The quickest way to get to the Temple of Lubal would be atop runningbeasts, but the pack had too much equipment to carry. Such a hunt had only rarely been mounted. Not only was it considered folly to go up against a blackdeath, but no Quintaglio could bring one down without the aid of tools, and the sacred scrolls banned both the eating of food that had been felled with implements and the killing of animals that were not going to be eaten—taken together, strictures that seemed to make biackdeath hunting an impossible proposition.

But today’s hunt was different. Galpook wanted to take a blackdeath alive.

The pack’s equipment was loaded onto long wagons, and these were pulled by bossnosed hornfaces. Hornface was a misnomer, really, since these four-footed creatures, although in all other ways resembling that class of animals, had no facial horns. Rather, they had a thick boss, a knob-like protuberance, on the ends of their snouts. Great shields of bone still protected their necks, and their sharp beaks could inflict nasty bites, but without horns there was no chance that they could kill the blackdeath. Galpook was more than willing to sacrifice a few domesticated beasts in order to bring down the mighty hunter. In fact, as her final task before departing, she had had to sacrifice a small shovelmouth.

The beast, a juvenile not much bigger than Galpook herself, was let out of the stockyards. It ambled out stupidly on all fours, then tipped back on its thick, flattened tail to sniff the air. On its head was a semicircular crest of bone. Its face was long and drawn-out, ending in a flat, toothless prow. The thing’s flatulence, like that of many herbivores, was constant, and the thick methane smell made Galpook woozy.

She walked over to the creature, patted its rough gray hide, and, in one fluid motion, moved beneath the beast and closed her jaws in a swift chomp on the underside of its neck.

As it died, the shoveler let out a massive scream, pumped through its head crest, reverberating, the sound almost deafening Galpook. Blood poured as though through a sluice. The taste of blood helped to heighten Galpook’s senses. She thought in passing that perhaps such a kill might be a good prelude to future hunts.

Then she and her assistant set to work practicing a skill she’d learned from her father’s companion, Cadool: butchery. With long, sharp knives they flayed the beast, removing its skin from the base of the neck to the tip of the tail in one neat, thick, fat-layered sheet, gray on the outside, blue, white, red, and yellow with membranes, connective tissue, blood, and fat on the inside. The ground was soaked, a mud of blood and dirt squishing underfoot. The skin was carried quickly to one of the equipment carts. Other carts were already loaded, including one with a massive spherical object covered by a sheet of leather.
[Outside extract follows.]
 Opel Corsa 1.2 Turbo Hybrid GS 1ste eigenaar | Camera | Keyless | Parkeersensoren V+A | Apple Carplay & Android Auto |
Egglings—some fifty or sixty, for none had been culled from the most recent hatchings—had been brought by their creche master to watch the great hunting pack depart. Galpook motioned for them to come close and eat of the shovelmouth. Timidly, they did so, waddling up to its now-hideless carcass. “Go ahead,” said Galpook. “Dig in.” First one, then another, then, finally, all of them set to work on the corpse. Galpook always found it cute, watching little children claw and tear at massive bones, trying to get their muzzles around, say, a thick femur. She clicked her teeth in satisfaction, then walked over to the caravan. Using the foothold pockets hanging from the saddle—designed to prevent her toeclaws from piercing the bossnosed brute’s hide—she scrambled up into her seat, and with a loud cry of “ Latark !” urged her beast into motion.